From April’s issue of Nature Neuroscience, a note entitled “Imaging gender differences in sexual arousal” by Turhan Canli and John Gabrieli:
Men tend to be more interested than women in visual sexually arousing stimuli. Now we learn that when they view identical stimuli, even when women report greater arousal, the amydala [sic] and hypothalamus are much more strongly activated in men.

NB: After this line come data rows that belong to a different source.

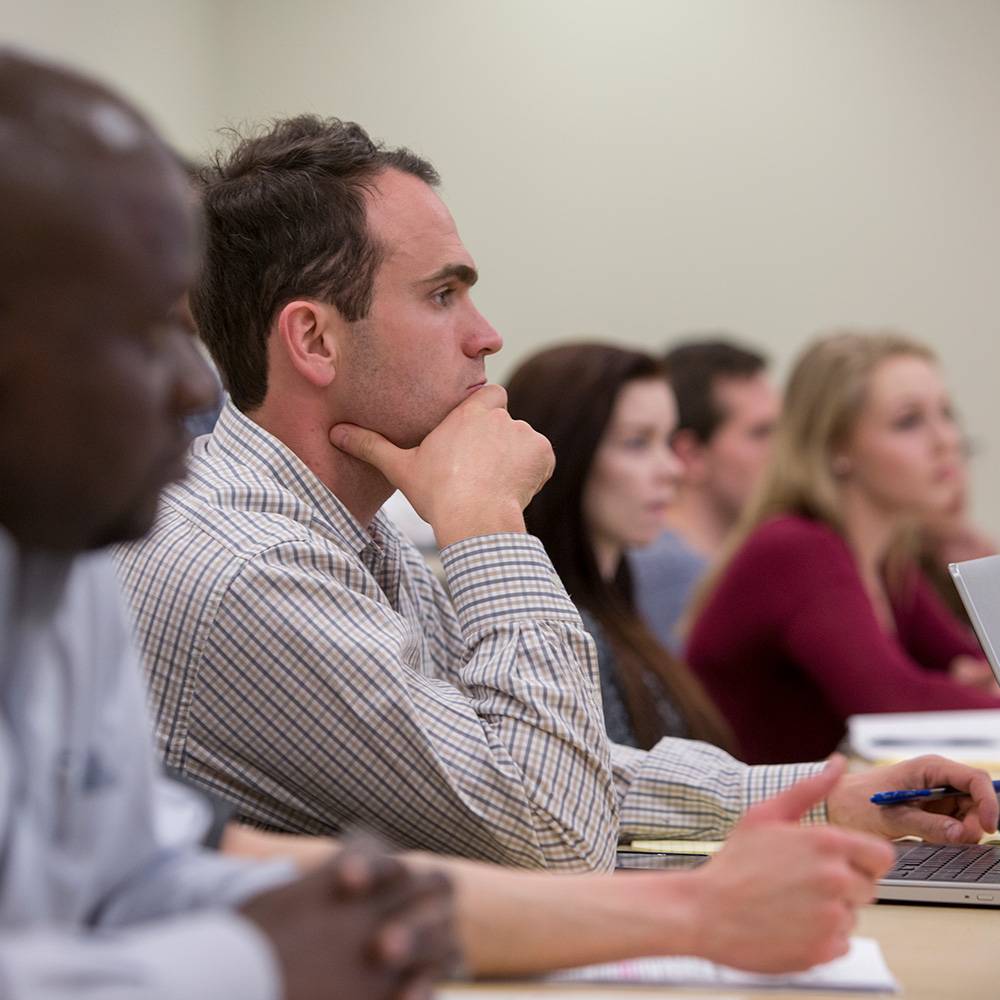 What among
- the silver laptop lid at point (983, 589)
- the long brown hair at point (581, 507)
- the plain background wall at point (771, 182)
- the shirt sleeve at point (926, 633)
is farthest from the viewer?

That’s just the news summary though. The real paper is by Hamman et al. entitled “Men and women differ in amygdala response to visual sexual stimuli” in the same issue:
Men are generally more interested in and responsive to visual sexually arousing stimuli than are women. Here we used functional magnetic resonance imaging (fMRI) to show that the amygdala and hypothalamus are more strongly activated in men than in women when viewing identical sexual stimuli. This was true even when women reported greater arousal. Sex differences were specific to the sexual nature of the stimuli, were restricted primarily to limbic regions, and were larger in the left amygdala than the right amygdala. Men and women showed similar activation patterns across multiple brain regions, including ventral striatal regions involved in reward. Our findings indicate that the amygdala mediates sex differences in responsiveness to appetitive and biologically salient stimuli; the human amygdala may also mediate the reportedly greater role of visual stimuli in male sexual behavior, paralleling prior animal findings.
Maybe we should make a movie called “chasing amygdala.”
The beauty of those studies is just how easy it is to design proper experiment protocols for them. And to round up undergraduate experimental subjects. Experiments that might actually advance our knowledge of the human brain are a tad more difficult.